Orelsan est relax en ce dimanche ensoleillé. A l’abri d’un parasol, à Saint-Saphorin, il se sent comme à la maison, face au lac et ce panorama de carte postale. L’auteur de Basique est dans le jardinet du Lausannois Sébastian Strappazzon, son pote et associé. Ils sont à l’origine de la marque de streetwear unisexe Avnier et rentrent de tournée après vingt dates, une succession de Zénith. «On repart pour les festivals d’été, trente concerts dont deux en Suisse romande, Festi’neuch le 14 juin, puis Paléo le 20 juillet.» Depuis la sortie de son dernier album en octobre 2017, Orelsan, rappeur et (presque) sans reproche, est devenu un artiste majeur.

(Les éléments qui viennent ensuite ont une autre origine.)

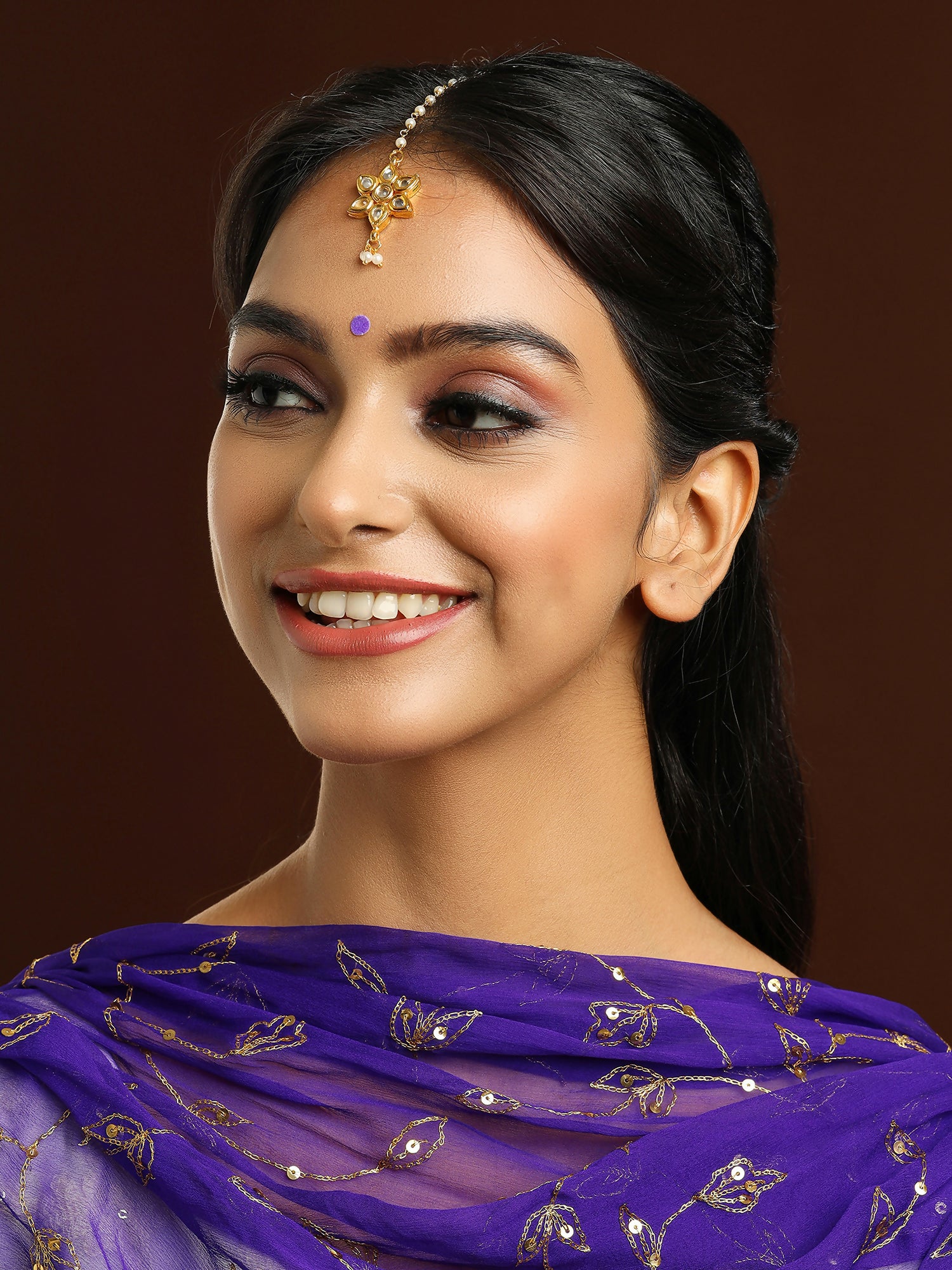 Ruby Raang Gold Flower Kundan Maang Tikka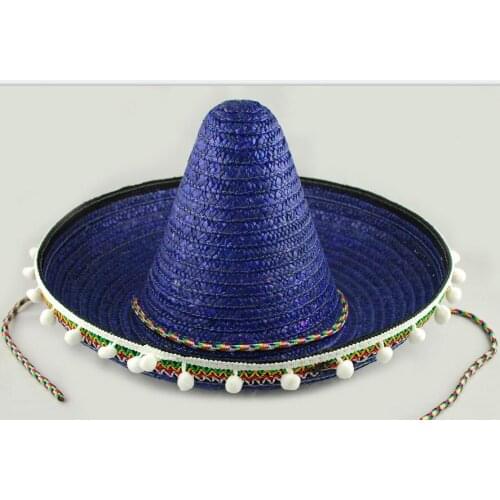 20cm Christmas Customs Hat Hawaii Medium Kids Mexico Cap Bobble Hat Straw Woven Cap Pompon Decorative Cap Performance B-2920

En février dernier, Aurélien Cotentin, de son vrai nom, faisait main basse sur les Victoires de la musique. La fête est finie, son troisième opus, l’aspirait vers le haut. Devenu disque d’or – 50 000 exemplaires vendus en à peine trois jours –, il cartonne avec ses invités prestigieux: Maître Gims, Nekfeu, Dizzee Rascal et Stromae. Le soir du sacre, Orelsan raflait le titre de meilleur auteur masculin, meilleur album de musiques urbaines et meilleure création audiovisuelle pour Défaite de famille. Un clip dans lequel il incarne tous les membres, hommes et femmes confondus, présents à un repas familial tragicomique. Le soir de son couronnement, après un concert à l’Arena, il quittait Genève et ralliait Paris pour une arrivée sur le fil. Rappeur français, certes, mais une partie de lui est résolument suisse.

«Des fois, je le surprends à dire «nonante», s’amuse Sébastian Strappazzon. Orelsan acquiesce. «Je viens d’Alençon, dans l’Orne que l’on surnomme la Suisse normande, et je suis né un 1er août.» Pour écrire au calme, il s’est parfois réfugié à La Forclaz, en Valais. Et voilà qu’il a même du sang rouge à croix blanche. «J’ai des origines suisses du côté de ma grand-mère paternelle, son nom de jeune fille est Reichmuth!»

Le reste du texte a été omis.